Dalam Nota Keuangan dan RAPBN 2012, pemerintah menyatakan, penyesuaian harga jual eceran BBM bersubsidi merupakan langkah terakhir yang akan mereka lakukan, kalau beban subsidi BBM sudah memberatkan APBN. Sehingga, mengganggu keberlanjutan fi skal dalam jangka pendek maupun jangka menengah.
Catatan saja, dalam kurun waktu 2007-2012, pemerintah sudah melakukan penyesuaian harga BBM bersubsidi sebanyak empat kali. Yakni, pada Mei 2008, awal Desember 2008, pertengahan Desember 2008, dan Januari 2009. Pada Mei 2008 atau setahun menjelang Pemilu 2009, rata-rata harga BBM bersubsidi sebesar 28,7%.
Untung, harga minyak dunia turun menjelang akhir tahun 2008. Sehingga, secara bertahap, awal Desember 2008, pertengahan Desember 2008, dan Januari 2009, pemerintah menurunkan harga BBM. Keputusan kenaikan harga BBM bersubsidi tahun depan memang ada di tangan pemerintah.
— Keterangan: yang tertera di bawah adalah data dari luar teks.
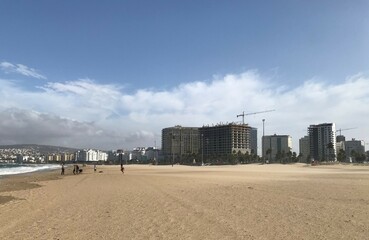 View of a large sandy beach in a windy cloudy day with cane and building in construction in horizon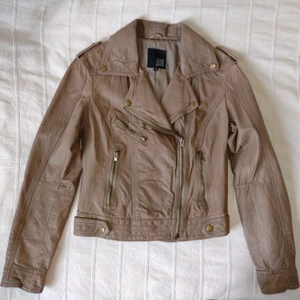 Gianini - Beige skinnjacka/läderjacka - storlek 36 - Beige/brun skinnjacka från Gianini. Äkta läder. Skitsnyggt modell med flera fickor med dragkedja. Använd bara någon enstaka gång - så gott som i nyskick. En del små bruna fläckar/märken i lädret, som funnits där hela tiden. Storlek 36.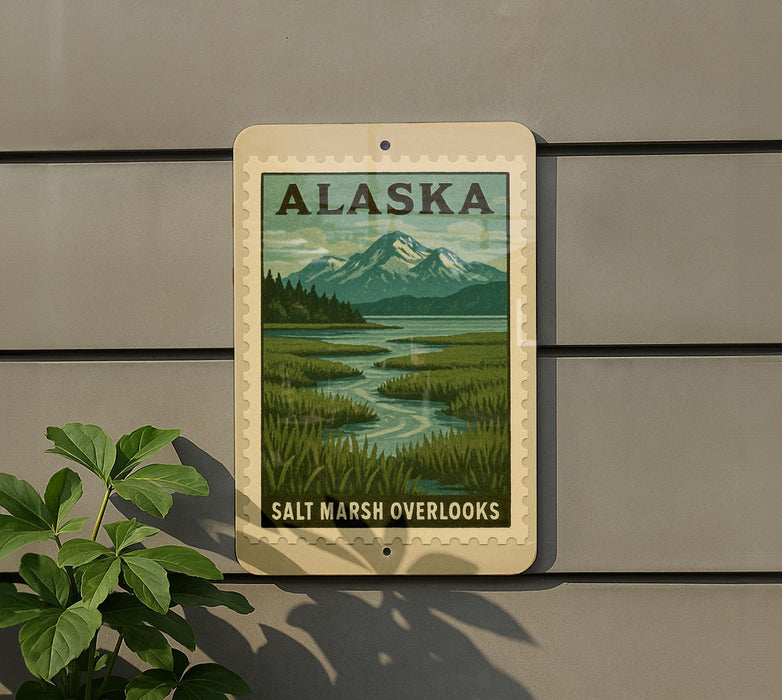 A sign for Salt Marsh Overlooks in Alaska, featuring a scenic landscape with mountains, a river, and lush vegetation.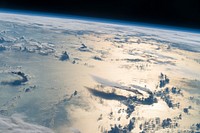 Flying over the Philippine Sea, an astronaut looked toward the horizon from the International Space Station and shot this photograph of three-dimensional clouds, the thin blue envelope of the atmosphere, and the blackness of space.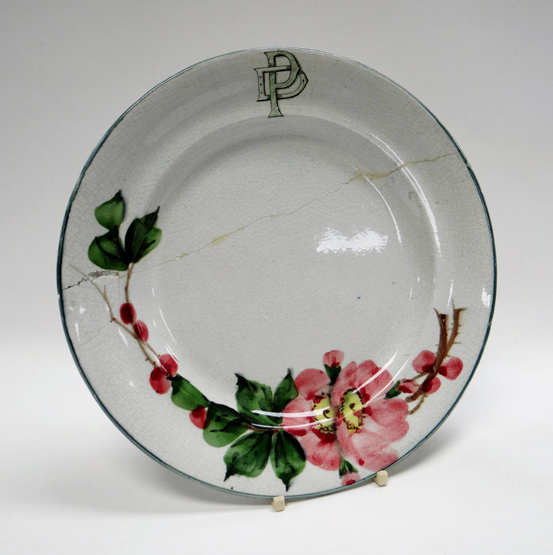 A LLANELLY POTTERY MONOGRAMMED PLATE painted with wild-roses, the border with stylised monogram ‘DP’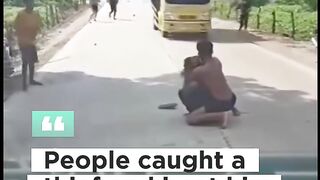 People caught a thief and beat him until he passed out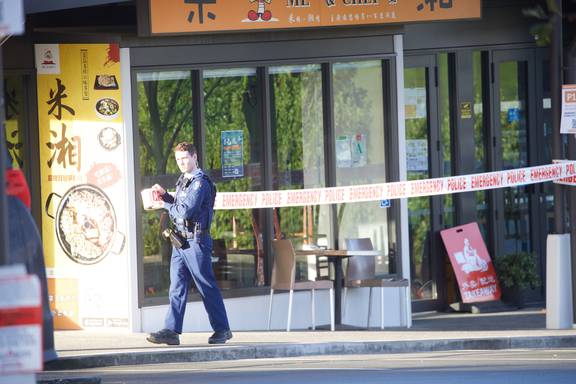 A police officer at the scene of the attack in Albany, Auckland, this morning. Photo / Jason Oxenham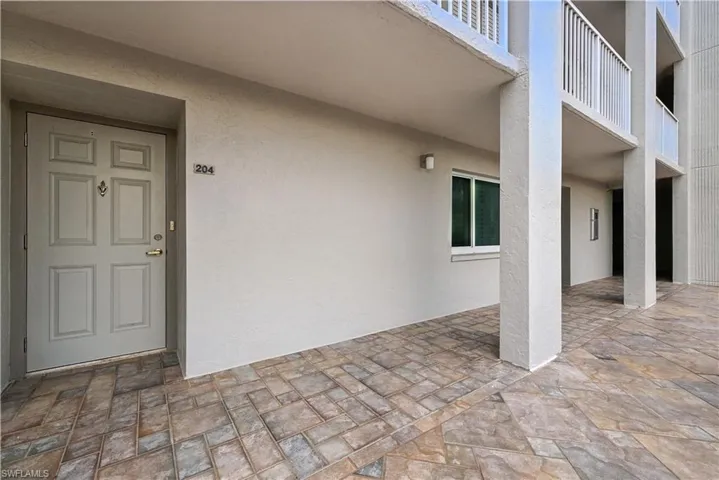 Property entrance with stucco siding and a patio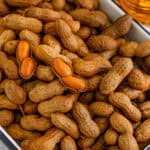 Close-up of homemade Creole Boiled Peanuts with opened shells showing the tender peanuts inside.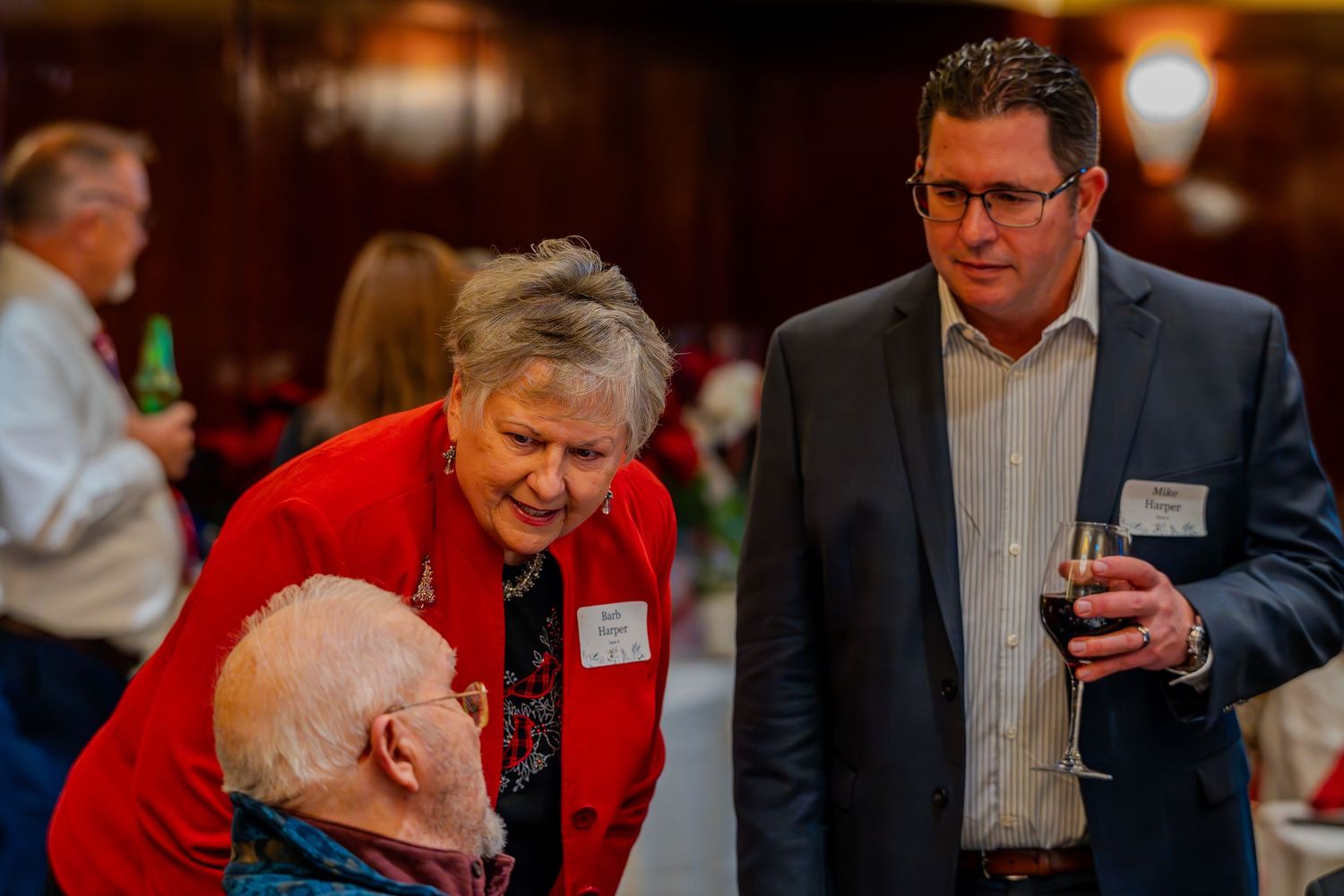 Three adults socializing at a formal event, woman in red jacket conversing with two men, one holding a glass of wine.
Namun kelihatannya, campur tangan politik bakal tetap ada di dalamnya. “Cita-citanya, kan, BBM naik menjadi Rp 6.000 per liter, kalau semua pihak sepakat,” kata Rudi. Jadi, kita tunggu saja, apakah drama politik di Senayan akan berlangsung lagi seperti yang terjadi Maret tahun ini.